Total time so far is about 8 hours of the PTO running. That means the chipper was actually chipping only about 2-3 hours. You spend more time walking around grabbing the next piece to chip. The ideal plan is to have 2-4 people feeding it so it can chip almost non-stop. This would reduce the hours placed on the tractor engine and also reduce the noise. Chippers are LOUD!!

Dry oak trunks can go up to about 4" before it starts to bog with only 24 PTO HP. Dry pine can be up to 5" before you feel it straining. This is for long continous lengths over 6' long. In short bursts for pieces less than two feet long, you can give it a full 6" piece of oak or pine. More HP would improve performance. 24HP is about the lowest you would want to go with big pieces. A smaller tractor would easily power it to do 1-3" stuff all day long. The biggest worry about using anything smaller is the weight of the chipper itself. It weighs about 800#. That may be too much weight hanging out back.

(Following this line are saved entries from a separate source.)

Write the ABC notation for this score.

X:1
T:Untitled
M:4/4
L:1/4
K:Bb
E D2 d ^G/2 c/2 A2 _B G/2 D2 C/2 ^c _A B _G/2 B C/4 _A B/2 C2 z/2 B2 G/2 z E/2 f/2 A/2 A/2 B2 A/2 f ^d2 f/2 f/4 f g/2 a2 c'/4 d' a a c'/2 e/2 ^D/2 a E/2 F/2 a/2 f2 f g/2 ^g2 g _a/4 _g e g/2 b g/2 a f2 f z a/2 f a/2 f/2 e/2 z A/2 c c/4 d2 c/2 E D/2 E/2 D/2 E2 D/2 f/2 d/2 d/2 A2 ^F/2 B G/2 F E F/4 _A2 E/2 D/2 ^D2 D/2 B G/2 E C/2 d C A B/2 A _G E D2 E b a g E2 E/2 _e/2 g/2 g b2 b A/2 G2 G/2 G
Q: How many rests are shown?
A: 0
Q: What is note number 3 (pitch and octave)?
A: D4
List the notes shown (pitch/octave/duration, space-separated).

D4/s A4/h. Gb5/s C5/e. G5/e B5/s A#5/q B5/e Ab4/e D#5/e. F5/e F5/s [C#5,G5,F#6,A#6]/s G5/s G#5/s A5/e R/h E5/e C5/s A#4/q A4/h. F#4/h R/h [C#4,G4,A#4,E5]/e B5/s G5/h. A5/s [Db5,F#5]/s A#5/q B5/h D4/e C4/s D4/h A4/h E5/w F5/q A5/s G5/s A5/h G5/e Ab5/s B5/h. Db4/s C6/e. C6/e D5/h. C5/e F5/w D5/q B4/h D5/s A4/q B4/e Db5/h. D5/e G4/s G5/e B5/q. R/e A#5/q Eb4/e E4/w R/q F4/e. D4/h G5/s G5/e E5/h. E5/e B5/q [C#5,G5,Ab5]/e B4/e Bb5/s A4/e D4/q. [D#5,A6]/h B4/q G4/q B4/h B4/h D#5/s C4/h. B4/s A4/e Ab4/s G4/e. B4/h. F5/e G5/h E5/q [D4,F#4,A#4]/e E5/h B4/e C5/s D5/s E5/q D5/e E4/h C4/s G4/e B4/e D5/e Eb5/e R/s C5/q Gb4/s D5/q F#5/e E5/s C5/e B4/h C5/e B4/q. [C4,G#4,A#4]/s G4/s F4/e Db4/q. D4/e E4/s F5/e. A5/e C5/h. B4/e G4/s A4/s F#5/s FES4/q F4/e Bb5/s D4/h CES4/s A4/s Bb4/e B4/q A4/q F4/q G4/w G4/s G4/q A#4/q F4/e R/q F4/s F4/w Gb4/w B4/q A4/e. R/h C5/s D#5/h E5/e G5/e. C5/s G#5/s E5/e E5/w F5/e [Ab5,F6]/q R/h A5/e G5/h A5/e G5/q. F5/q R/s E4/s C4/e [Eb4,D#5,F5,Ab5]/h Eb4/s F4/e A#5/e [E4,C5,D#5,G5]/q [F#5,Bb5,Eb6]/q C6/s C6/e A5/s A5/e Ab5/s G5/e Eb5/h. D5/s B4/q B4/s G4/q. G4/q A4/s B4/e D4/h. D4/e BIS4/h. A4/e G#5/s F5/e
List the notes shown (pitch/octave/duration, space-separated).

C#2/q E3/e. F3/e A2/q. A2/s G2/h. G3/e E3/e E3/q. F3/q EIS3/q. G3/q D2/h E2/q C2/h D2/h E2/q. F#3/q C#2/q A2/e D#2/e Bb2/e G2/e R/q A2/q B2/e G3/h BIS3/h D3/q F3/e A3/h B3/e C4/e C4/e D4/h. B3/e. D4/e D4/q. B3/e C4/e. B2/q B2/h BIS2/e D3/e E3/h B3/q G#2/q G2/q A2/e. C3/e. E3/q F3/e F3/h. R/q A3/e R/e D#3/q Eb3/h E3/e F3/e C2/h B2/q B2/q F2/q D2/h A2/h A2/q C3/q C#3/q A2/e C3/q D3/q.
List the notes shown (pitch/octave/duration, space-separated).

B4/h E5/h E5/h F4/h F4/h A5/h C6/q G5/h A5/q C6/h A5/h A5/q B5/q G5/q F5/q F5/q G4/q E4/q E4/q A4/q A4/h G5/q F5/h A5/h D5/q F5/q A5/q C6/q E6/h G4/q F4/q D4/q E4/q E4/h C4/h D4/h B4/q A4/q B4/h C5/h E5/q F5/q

It is really fun to watch a couple firewood size pieces of wood turn into a bag of mulch in about a minute.
 
   / Wood chips from a Jinma chipper #4  
Thanks for all the info. I'm seriously looking into a chipper. Do you have to trim off all the sticking out brances on a Pine for example for the chipper to pull it through? I have about 2 acres of scraggly pine tress to clean up.
 
   / Wood chips from a Jinma chipper #5  
Lewis, Thanks for all that. It makes nice chips. I'm thinking a small shedder my be needed for some things though. MP
 
   / Wood chips from a Jinma chipper
  • Thread Starter
#6  
Both the Jinma and a big Vermeer will pull most tree tops through by itself with no problem if they are not too bushy. Think of a really full x-mas tree. That would NOT feed by itself. But a scraggly Charlie Brown tree will. The power of the chipper will force most side branches less than 1" in diameter to fold over and continue feeding. You need to limb off the larger stuff with a chainsaw before feeding.

Always insert the larger end of a tree trunk or branch first. If the first foot or two feed OK by itself, the rest probably will. The purpose of the feed drum is to do half of the work for you. If you insert it and it starts feeding by itself, you turn around to go get the next piece and let the chipper work by itself.

The ideal way to chip is to have the front of the tractor lower than the back and the feed chute of the chipper feeding downhill to the flywheel. Gravity is your friend. This lets gravity help you feed the chute and still keep the PTO shaft straight between the PTO of the tractor and the chipper.
 
   / Wood chips from a Jinma chipper #7  
I have a Jinma chipper also, I have about 100 hrs on it +/-. Same issue with the feed roller belt , replaced with a Napa A-36. The chipper works well, I do a half a dozen tree jobs a year with it, a couple of decent size clearing jobs. The only issue I have run into besides the roller belt is the teeth on the feed roller wearing down. I have to repoint them with a grinder wheel every now and again. Other than that it works well for what I use it for. It is a heavy unit though at 900 Lbs.